So how did it all come into play? How did that actually turn from an idea into it happening? I sat down with a bunch of business guys and that was after speaking with Dan. We were like, Let's just try this. Why don't we go over to the States, we knew people. So let's go over to the States and see what we can dig up and bring it back and sell it in any way possible.

It didn't really matter how we were going to sell it. It wasn't necessarily shop at this point. It was just like, Let's get some stuff, bring it back, see if we can make more money and then we'll do things with that money. But yeah, we went over there and just loaded up with stuff and we initially went over there thinking everyone wants  Burtons, let's get Burtons.

And when we got there, we're like It's only Australia. That was like insane Burton country. So we kind of ended up just buying a whole stack of all this stuff, met some really cool people and got a bunch of brands that we were into and bunch of skate and a bunch of snow and brought it all back and, and we were selling it out of one of the investors warehouses, which was weird because these investor guys only coughed up like ten grand each.

So it was only about, I think from memory it was only 40 grand, that it took to start it back then, which was a ton of money back then. But by today's standards, like it’d cost you, I don't think you could realistically start a skateboard snowboard store for under half a million, maybe more like realistically to be good straight away, you'd have to spend it easy half a mill.

So how did you meet the investors? I don't know. That's the whole problem with these stories is I can't remember. I genuinely don't remember. One of them was my boss, so I was working in the film industry doing special effects, and my boss John, was like, Yeah, man that sounds like a great idea. I don't think he thought that he would never like that would be the end of me with him, because I guarantee you, if he knew I was going to bail out at that point, he probably wouldn't have been so keen to.

I didn't know John was one of the original investors. John was one of the original investors. Yeah. John and a couple of other guys, Phil, Mike and some other dude. One of them I can't even remember because he was in it for such a short period of time. By the time the snowboards got back to Australia, we'd already bought him out.

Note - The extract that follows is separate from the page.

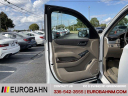 Thumbnail image of 2017 GMC Yukon at EurobahnBmwMiniMercedesBenz of Greensboro, NC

He didn't even wait for the first shipment of skate and snow to get here. He just bailed out. He was really not into it. But within, I guess six months there was at least two of the original five were out. John's money stayed in it for a while, but he was super silent.
He was always just like there was a guarantee on what money he would get back and that was then paid later. So he got the maximum amount of return for his money. Then it was you, your mate, and one investor left. My mate was out pretty early too, because he couldn't even pay to stay in like he never actually had any money.

So his money was the investor's money and he went and started actually not sure if it was him or his brother, but they went and started Superior Skateboards in Manly, which was another really, really ghetto gangster style skate shop. They were cool. It was cool. They had one of their logos was like SS as in the Nazi SS and I was like, dudes, you guys are out of your minds using that logo.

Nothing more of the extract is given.